Not to re-direct the subject of this thread...  but what you have said about the yanmaodao is very true.  Based on this principle, the immensely-talented woodworker *Graham Cave*, has been working on the details of a wooden, fighting goose-quill saber.  His wooden jians are, by far, the very finest ever produced in contemporary times (if not throughout all of time).  Do check them out at:  * http://www.tigers-den-swords.com/*

  The yanmaodaos will be designed to compete in the Traditional Chinese Sword League's full-contact tournament events.  Given the predominance of jianfa at the first two open tournaments, these new yanmaodaos will be much better suited to counter the speed and effectiveness of the jian.  The Raven Studios liuyedaos used in the 2009 tourney, were at a disadvantage in such a heavily-saturated environment of jianfa.  These new wooden Geese will be quicker and possess a significant thrusting capacity.  They may be available by mid 2010?  Theoretically speaking, however, they are still on the blackboard.  As with his fighting jians, Graham has enlisted the guidance and feedback of some of the most illumined English-speaking authorities on Chinese arms.  It's always good to have the advice of seasoned experts and rogues (myself), alike.  The amount of research and experimentation involved in these projects is extensive.  In good time, a truly authentic fighting Goose will emerge form his workshop.   In my own small way, I am attempting to assist Graham in his research and development.

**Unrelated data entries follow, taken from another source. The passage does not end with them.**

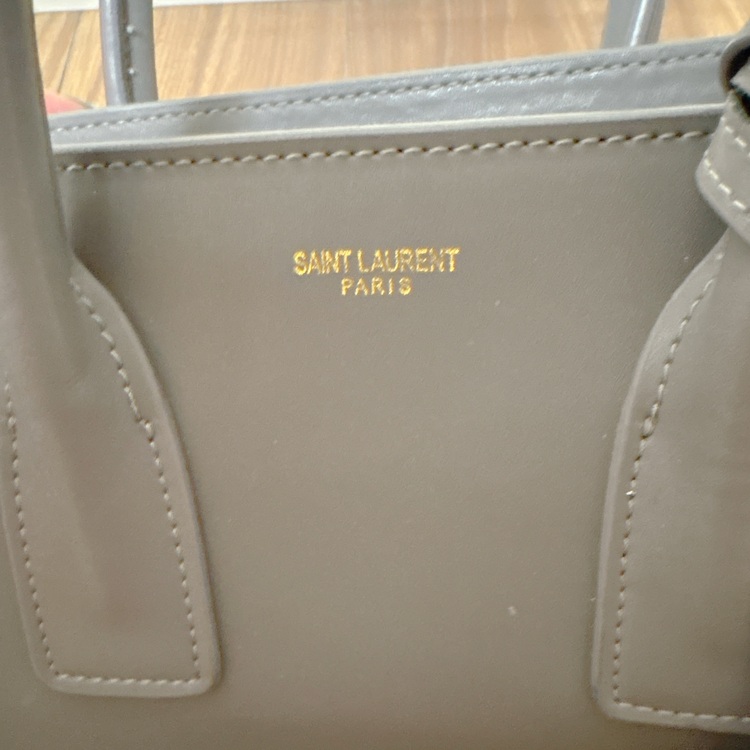 サックドジュールバック（ブランドバッグ）の商品画像 - 査定依頼日：2025年9月14日 - 最高査定価格：50,000円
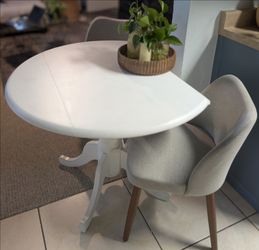 Kitchen table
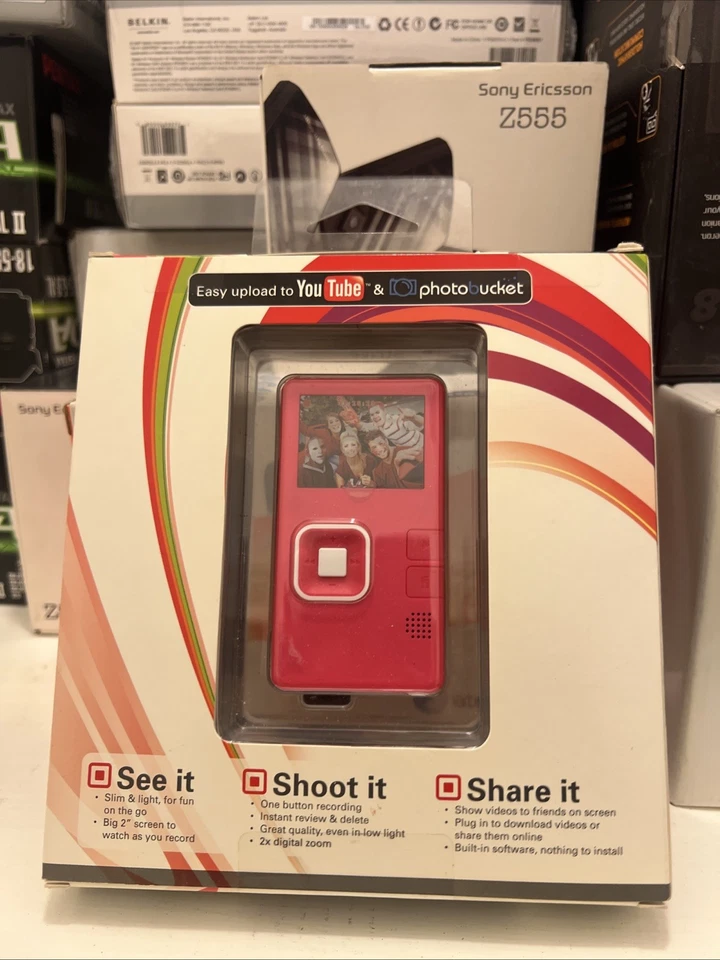 Creative Vado HD 720p Pocket Video Camcorder 8GB 2x Zoom VF0570 - NEW SEALED - Image 3 of 4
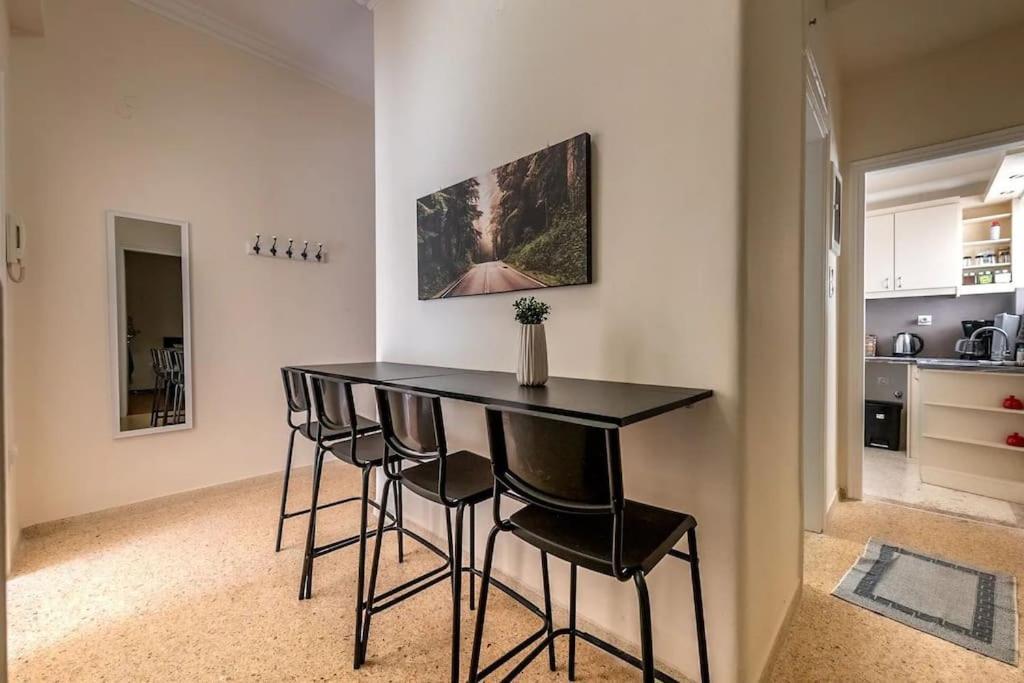 Kerameikos 2 Bedroom Apartment Athens Luaran gambar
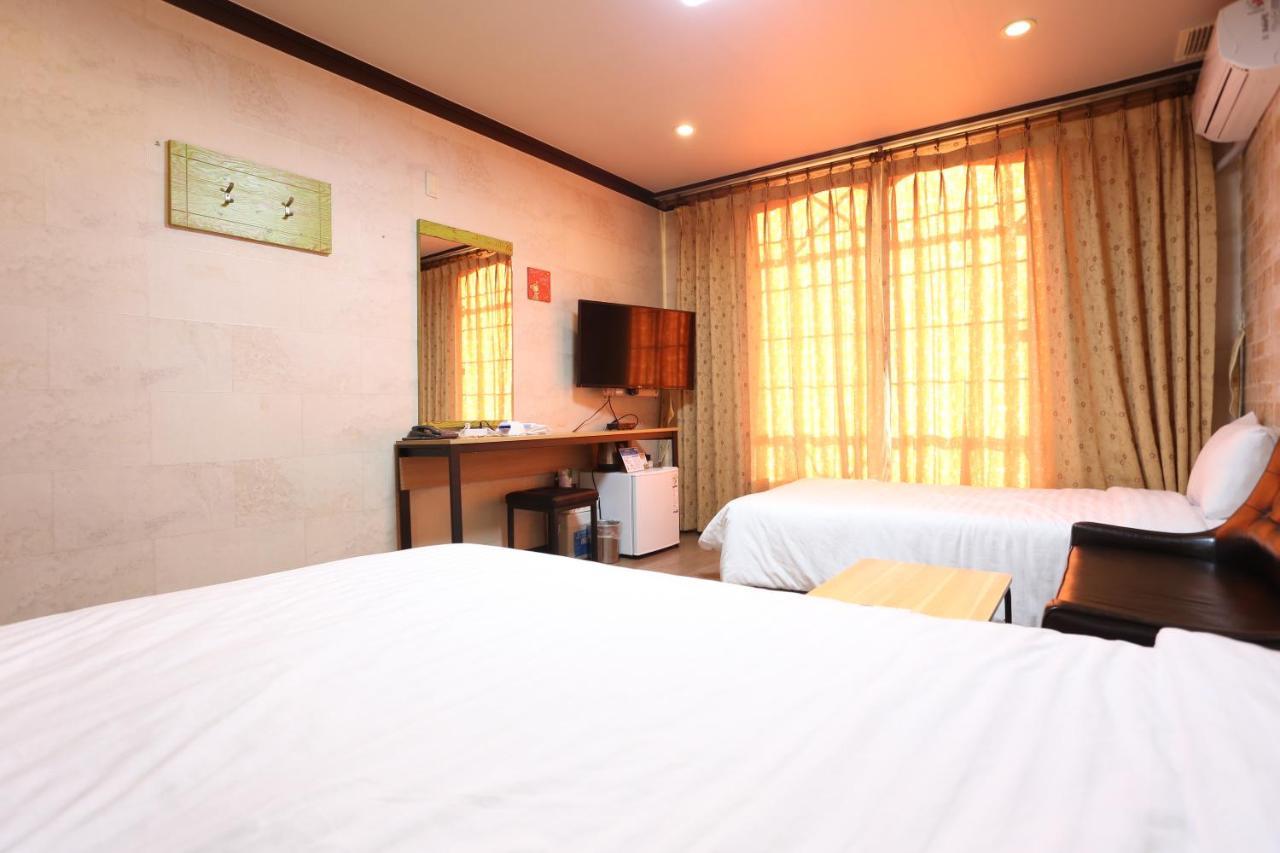 Time Motel Gangneung Exterior foto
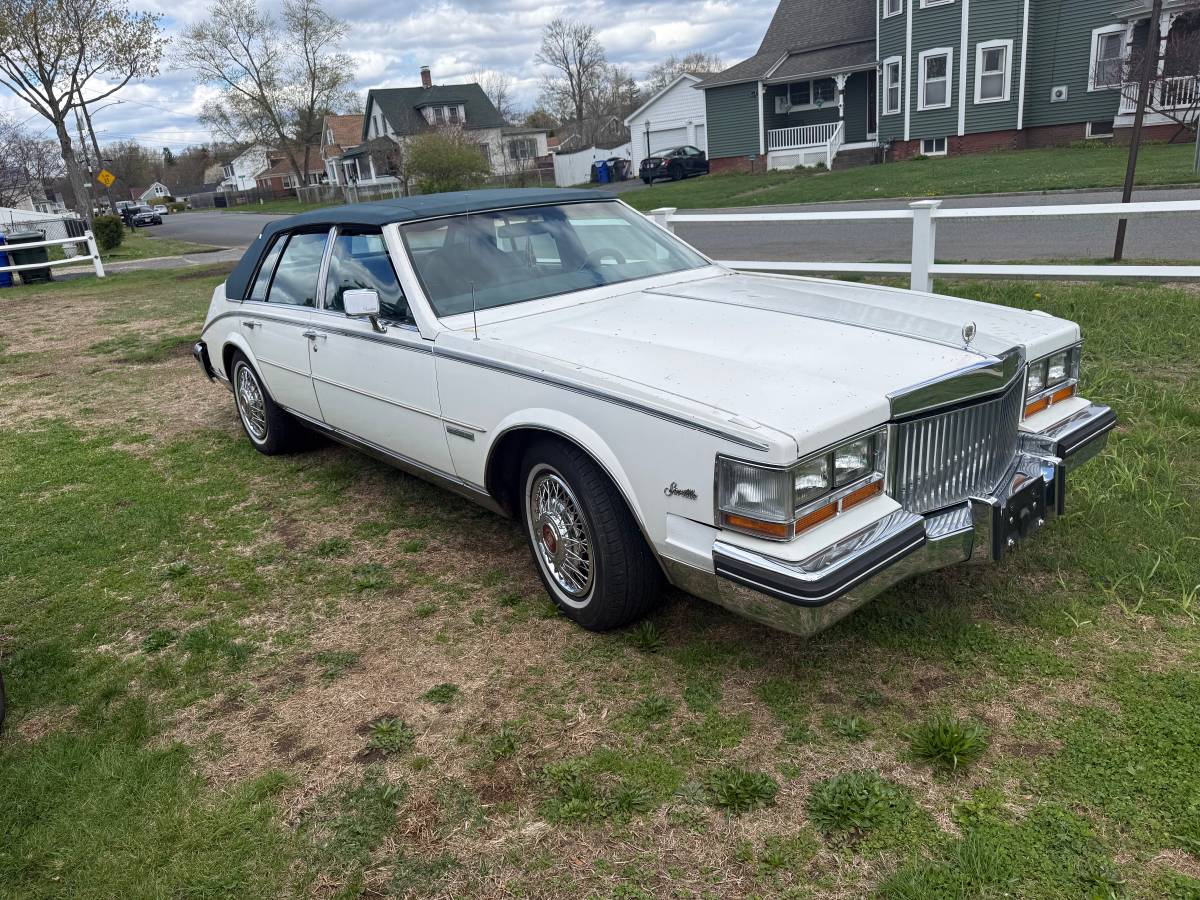 Cadillac-Seville-1982-white
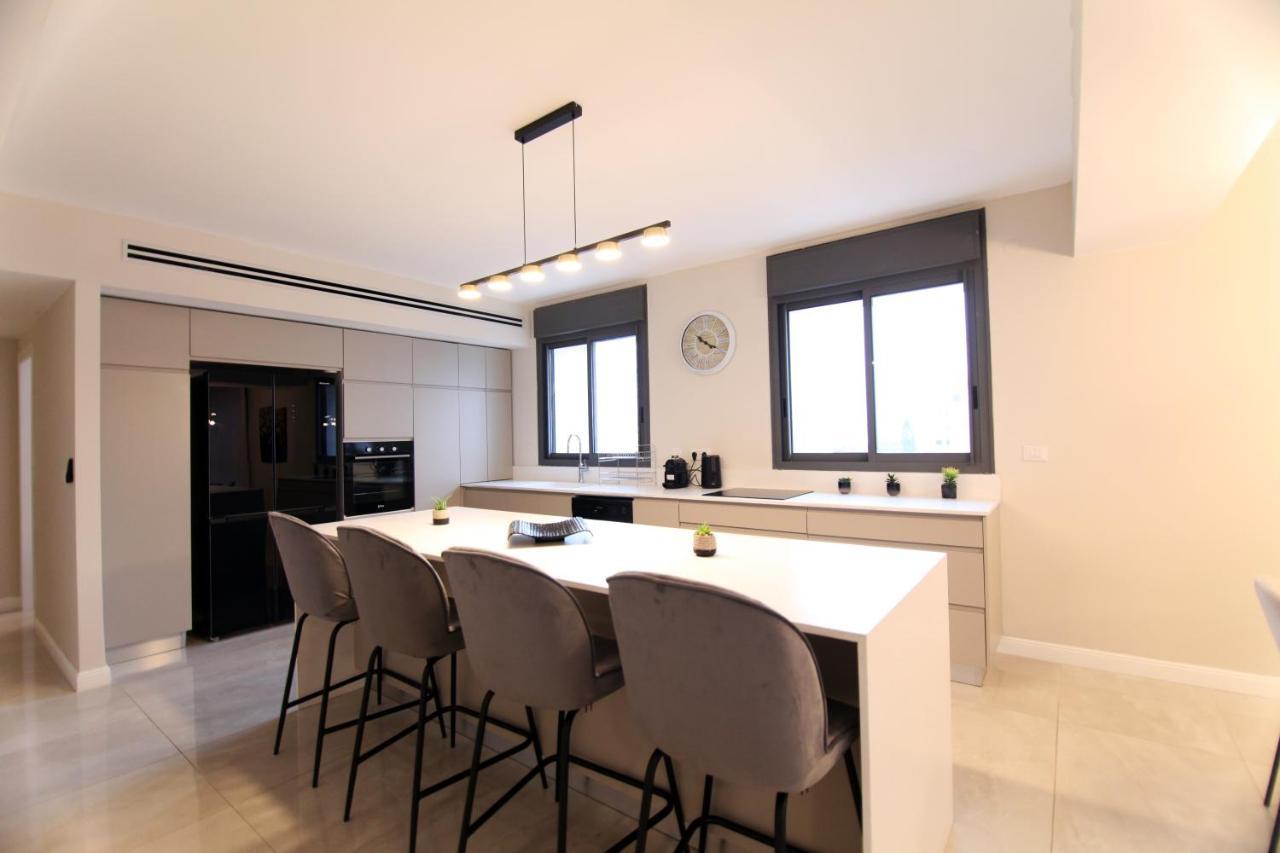 Mini Penthouse Near The Beach Netanja Exterior foto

> Sounds like something an elite would use...


It was certainly more of a specialty weapon.  I guess you could say that they were elite, or at least specialists.  A good friend of mine knows several trapping/deflecting movements that a dao like the above "Yang taiji dao" examples can employ with the S-guard.  He showed me the methods for binding a spear attack and subsequent offensive movements, utilizing the leverage of the large ring pommel.  It is, most assuredly, an  interesting anomaly, in the myriad variations of the Chinese sword (as sabers go).   :Big Grin: 

*Be well and practice often,   Jon Palombi*

----------